# Motorhome Performance



## bendog (Apr 15, 2008)

Have just had my Hymer Exsis 2.8JTD Remapped at T B Turbos. Full rolling road print out . before and after ,very good service


----------



## hilldweller (Mar 8, 2008)

bendog said:


> Full rolling road print out . before and after


Does that include fuel consumption ?

It would be nice to put quality numbers on this.


----------



## bendog (Apr 15, 2008)

BHP up from 125 to 156. Torque up from 196 to 256 dont know about fuel consumption yet but looks pretty good if you dont us the extra go.


----------



## duxdeluxe (Sep 2, 2007)

Just had my 2.0 JTD remapped and wow!........ what a difference.

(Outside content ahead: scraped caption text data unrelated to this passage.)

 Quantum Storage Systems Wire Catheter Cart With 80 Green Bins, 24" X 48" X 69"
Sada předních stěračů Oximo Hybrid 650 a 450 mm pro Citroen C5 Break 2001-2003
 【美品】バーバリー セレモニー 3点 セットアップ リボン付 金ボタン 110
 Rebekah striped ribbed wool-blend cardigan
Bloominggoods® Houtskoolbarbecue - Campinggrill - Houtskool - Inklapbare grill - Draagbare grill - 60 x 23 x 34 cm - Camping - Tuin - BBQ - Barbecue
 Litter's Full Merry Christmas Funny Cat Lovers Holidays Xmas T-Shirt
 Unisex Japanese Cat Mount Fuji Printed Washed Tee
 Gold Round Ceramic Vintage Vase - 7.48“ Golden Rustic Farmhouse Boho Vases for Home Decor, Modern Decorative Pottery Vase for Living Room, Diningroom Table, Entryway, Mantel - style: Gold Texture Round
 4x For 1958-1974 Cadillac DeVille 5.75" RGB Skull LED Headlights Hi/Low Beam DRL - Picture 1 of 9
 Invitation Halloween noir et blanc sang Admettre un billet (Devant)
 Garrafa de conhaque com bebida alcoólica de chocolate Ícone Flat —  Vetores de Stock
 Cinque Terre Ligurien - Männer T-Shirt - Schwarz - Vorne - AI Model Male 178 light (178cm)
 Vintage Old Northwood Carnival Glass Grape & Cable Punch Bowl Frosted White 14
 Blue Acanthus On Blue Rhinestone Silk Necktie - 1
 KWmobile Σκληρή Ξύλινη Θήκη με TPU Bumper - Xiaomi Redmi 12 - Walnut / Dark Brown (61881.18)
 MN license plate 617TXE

Going up Nayland Hill I had to change down before now it accelerates in 5th. Just so much nicer to drive. overtaking HGV's? - no problem, just point and squirt. Fuel consumption - no data but anecdotal evidence suggests maybe 10% to 12% improvement.

Well pleased - not cheap but worth it.


----------



## StAubyns (Jun 4, 2006)

Since having my VAD smartbox fitted, the truck is a better drive, but initial checks would suggest that fuel consumption is worse than before, but the difference is marginal.

I will need more trips out before I can come to a conclusion on fuel comsumption, but no regrets over having the chip fitted

Geoff


----------